私と昴くんのわだかまりを解くきっかけになってくれたんだもん。

「ほら、舞もそんな顔しないでよ。せっかくの美人が台無しでしょ。いつまでもしょげてたら舞の学生時代の武勇伝、昴くんに話すよ」
「え、それだけは止めて」

すかさず阻止した舞の顔が真顔過ぎて笑ってしまう。
それとは反対に昴くんは身を乗り出すように興味津々で聞いてくる。

「何、武勇伝て」
「それはね……」
「梨音!」
「はいはい、分かってるって。舞はこう見えて男前なところもあるって話だよ」

学生時代、痴漢を撃退したことがあるというだけ。
別に話してもいいのに。

「どういうことだ?」
「ふふ、私だけが知っている舞の秘密だよ。
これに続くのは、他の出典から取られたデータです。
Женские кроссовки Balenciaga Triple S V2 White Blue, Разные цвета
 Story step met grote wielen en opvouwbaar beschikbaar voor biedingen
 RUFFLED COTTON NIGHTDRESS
これは昴くんでも教えれないなぁ」
「何だよ、それ」

不服そうに眉根を寄せる昴くんを見て、私はまた笑った。

「それじゃあ、先に帰るね」
「送ろうか?」

そんなことを言う昴くんに私は笑顔で答えた。

「大丈夫。昴くん、舞のことよろしくお願いします」
「ああ、任せとけ」
「ふふ。舞、またね」

舞と昴くんと別れ、駅に向かい電車に乗った。
最後は笑顔で話すことができたし、またみんなで食事にでも行こうという話まで出た。

ふふ、あの二人が付き合ってるなんて……思わず笑みがこぼれる。
大切な親友と昔好きだった人。
不思議な縁だ。
心から二人の事を祝福できるのは、私のトラウマが癒えている証拠だと思う。
今回、昴くんと話が出来てよかった。

最寄り駅に着き、電車を降りる。
ホロ酔い気分で街灯に照らされた道を歩いていたら、マンションの前に男性が一人立っていた。
誰か待っているみたいだけど……ってどうして?
男性の姿を見た瞬間、立ち止まった。
でも、私の身体は吸い寄せられるように再び歩き出す。
徐々に近くなる距離、私に気付いたその人は少し表情を緩めた。

「おかえり、河野さん」
「立花さん……まだ海外にいるはずじゃ」

ホワイトボードには来週までとなっていた。
久しぶりに立花さんを見て胸が高鳴ってしまう自分がいる。

「向こうでの仕事が早く終わったんだ」

あの医務室での出来事を忘れた訳じゃない。
私から偽装恋愛解消を言い出した手前、どういう表情で立花さんと接すればいいのか分からない。

「あの、どうして……」
「君に話があったから待ってたんだ」

立花さんの言葉に私は息をのんだ。